I have followed this thread for awhile. Too me, it is something Dodge needs to get their hands around. I have talked to a couple local dealers, one was voiding warranties for contaminants, as well as water. The other was more concerned with water. The dealer concerned with water specifically mentioned a truck that had been started 212 times with the water in fuel light and/or the check engine light illuminated.
In my opinion, the filter should "catch" the contaminants. If it loads up, the truck should shut down, or go into a "limp" mode. (Assuming we need to lube the new pump) Everyone who drives a diesel gets bad fuel, period. It is just a matter of when. If DC voids warranties for contaminants in fuel, they have voided warranties on all our trucks, and are just waiting to tell us.
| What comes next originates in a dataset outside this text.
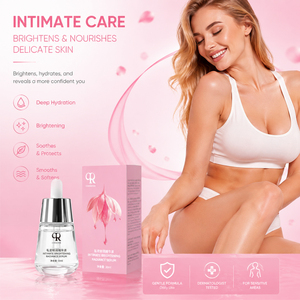 Productos de Belleza para el Cuidado de la Piel CORSEPER, Esencia Blanqueadora Sexy Rosa para Labios, Areolas y Partes Íntimas, Suero Blanqueador - Product Image 3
Water would be a different story, a better filter will just give us cleaner water. If a light comes on the dash, than shut your truck down. If you don't, and the dealer can tell with a scan tool, it is reasonable for there to be some non-warranty discussion.
The fact that some of the contaminant is coming from their defective tank, and that the quality of factory filtering is possibly no good just compounds the horrible PR position they are putting themselves into.
I switched from Chevy to Dodge in 1995 because I thought their truck was better than what we had in the Chev. It cost me $5000 more to buy the Dodge, but it did the job, and spent much less time in the shop. (Really, very, very little time. ) The cheapest tool usually isn't the best VALUE and I learned that lesson the hard way with a 1995 Chevy diesel.
But that was then. Now, Dodge REQUIRES a dealer visit if one of the hundreds of trailers we handle has a bad turn signal, and trips an "internal" breaker? They have gone to a cheaper 6 speed transmission. The axles, to me, are an unknown quality. Even the formerly best in class engine is maybe not? Or maybe the advantage is much less.
Another drawback to Dodge has always been dealer service. Not the quality, but the typically unavailable parts, and ensuing repair delay. (If a dealer has a 5 million dollar inventory in trucks, but not the $100,000 in repair parts for that truck, what is that?) Admittedly, they may be comparable to Ford/Chev. But before, they would repair the vehicle, it just took a long time. Now they seem aggressive on whether it is even a covered failure?
I wonder if the fuel deal is the last straw for some customers? Or maybe something else?
I expect we have more bad news coming though. Transmission choice, for the OEM, is probably a difficult question of cost and benefit. BUT, if DC isn't smart enough to give us fuses for trailer lights, they are probably so out of touch IN GENERAL that we have absolutely no hope.